Why do we swing our arms when we walk? This seems like a simple enough question, but if you were to ask two locomotor biomechanists you might get two different answers, both of which sound pretty good. For example, one might answer that arm swinging saves metabolic energy while another might emphasize its importance in stability. Both of these ideas have some empirical support, and if you've ever tried preventing your arms from moving during walking you probably sensed that something about arm swinging made things easier. Recently, Steven Collins, Peter Adamczyk and Arthur Kuo of the University of Michigan combined experimental work and mathematical modeling to more clearly assess the role that active arm swinging plays in the energetics and mechanics of walking.

For their experimental work, Collins and his co-authors instructed 10 subjects to walk using four different types of arm swing: (1) normal, (2) bound, in which subjects' arms were physically restrained from moving, (3) held, in which subjects held their own arms still and (4) anti-normal, where subjects actively swung their arms out of phase relative to normal. By analyzing the exhaled gases of the walkers, the scientists measured metabolic rates of each subject while walking on a treadmill at 1.25 m s−1 adopting each mode of arm swing (in random order). Seven subjects also walked over a force plate using the different forms of arm swing so their locomotor mechanics could be compared.

Several variables were clearly affected by arm swinging mode. Not surprisingly, energy expenditures were lowest in the normal condition and increased 7% for bound, 12% for held and 26% for anti-normal. Vertical ground reaction moments were even more substantially affected. Peak values were lowest during normal arm swinging, approximately 60% higher during the bound and held modes and nearly 3-fold greater when arms were swung out of phase relative to normal. Experiments also revealed that joint torques and power required at the shoulder and elbow joints were very small during arm swinging.
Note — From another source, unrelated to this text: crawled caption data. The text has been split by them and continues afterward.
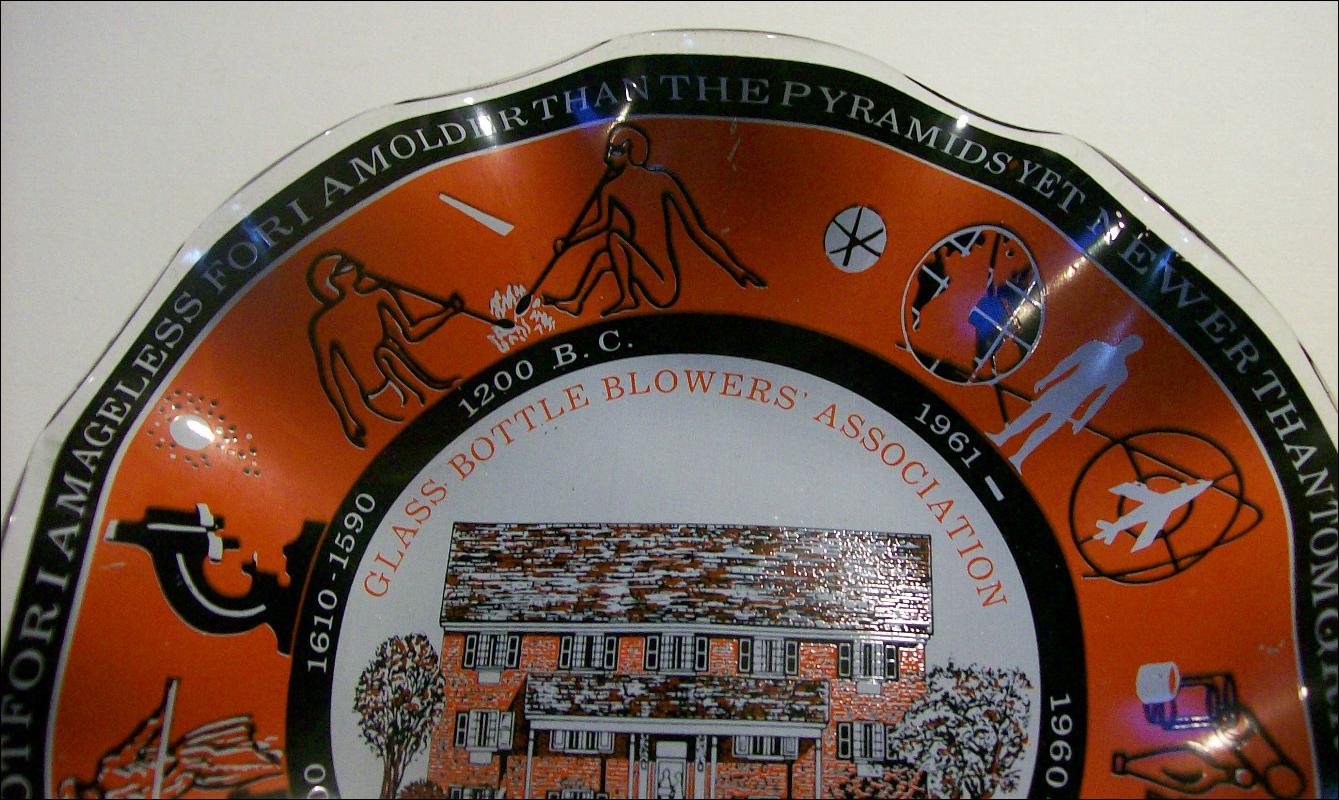 Glass Bottle Blowers Association Commemorative Dish 1975 7.5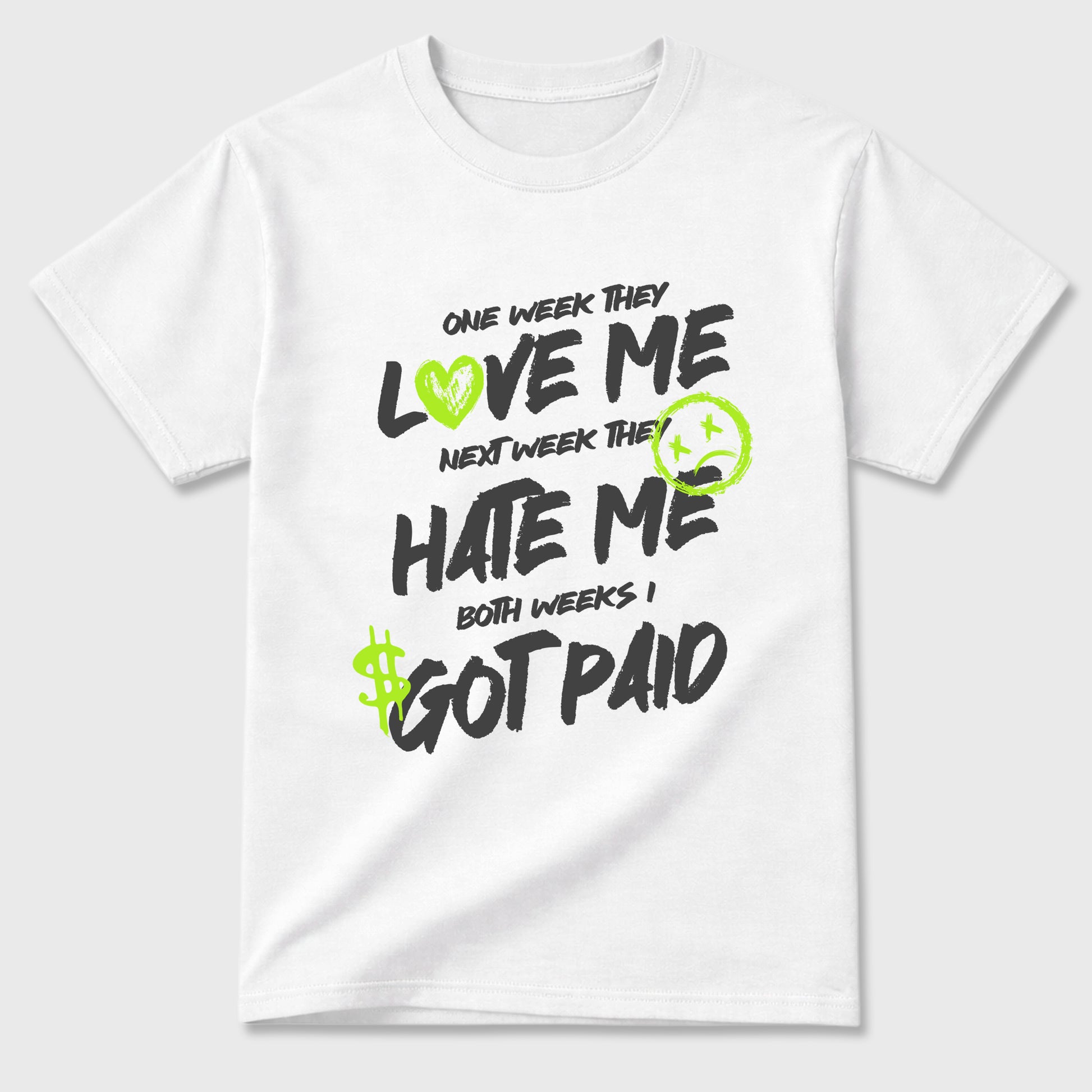 Sneakerfit graphic tee destination – Sneaker Tees To Match Air Max 95 Neon Yellow Sneakers – I Got Paid Tee White 2
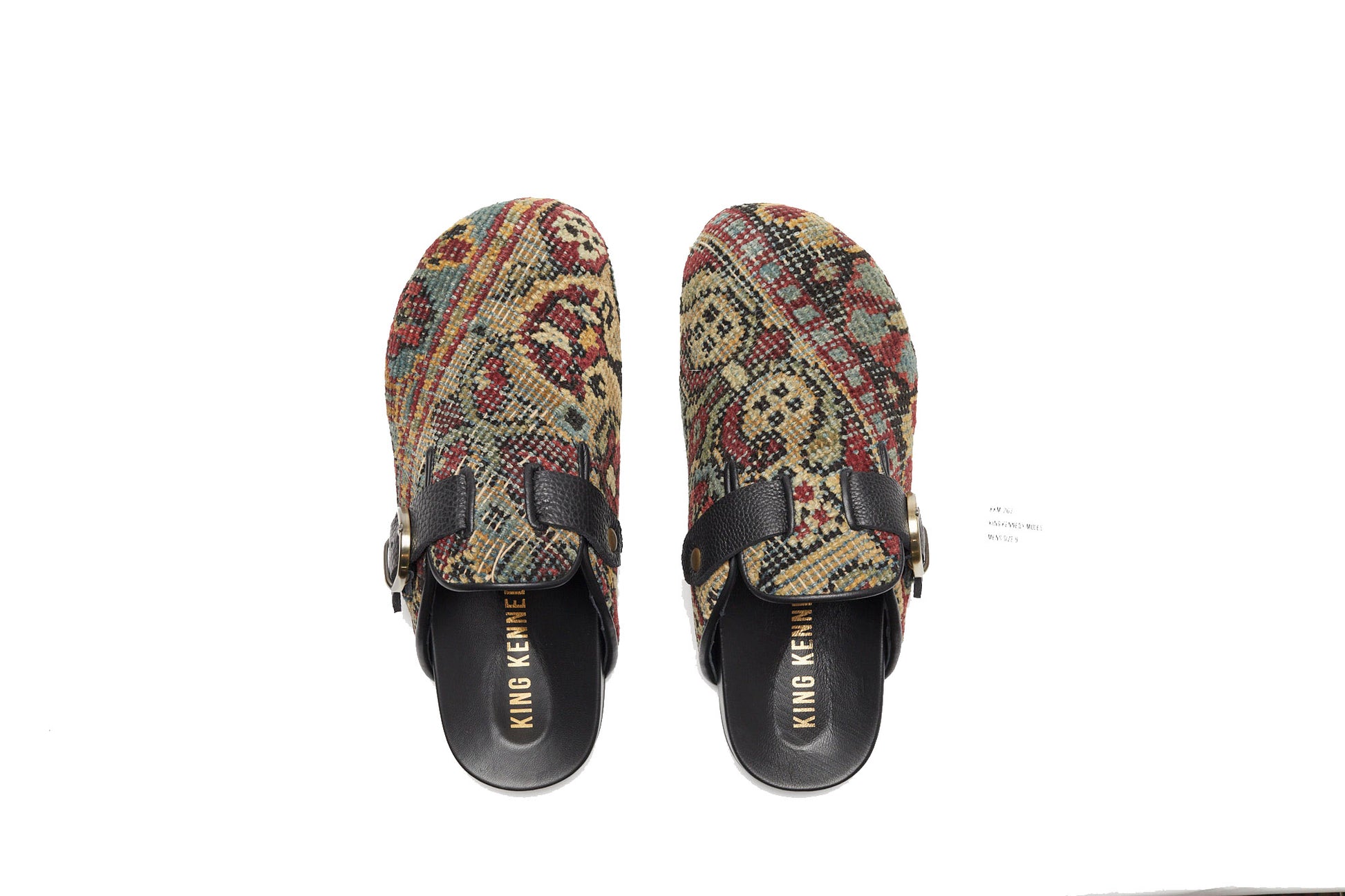 King Kennedy Rug Mules are one-of-a-kind and made of 100 year old antique Persian rug fragments with soft lambskin footbed and rubber sole. This pair is made of an antique Persian rug with beautifully faded pattern in beige, green, red, pale blue and yellow.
In combination with the modeling work, these experimental data support a number of intriguing ideas. For example, the small torques and work rates in the upper arm suggest that arm swinging during walking requires little effort and that the small amount of muscular energy that is required is more than made up for by the energetic savings it provides (relative to not swinging the arms). Further, the energetic benefits likely stem from reduced ground reaction moments during normal walking. Because forces from the ground are transmitted up through the leg, limb muscle actions must be used to counteract them, and the smaller these forces, the smaller the amount of muscle energy required. The authors point out that speed likely impacts the role of arm swinging during walking, but determining the details will require more work.

As the authors conclude, arm swinging is essential to energy savings during human walking. And while our two hypothetical biomechanists might still favor different notions for why we swing our arms during walking, I know I'm now going to have a lot more to say if anyone ever asks me that question.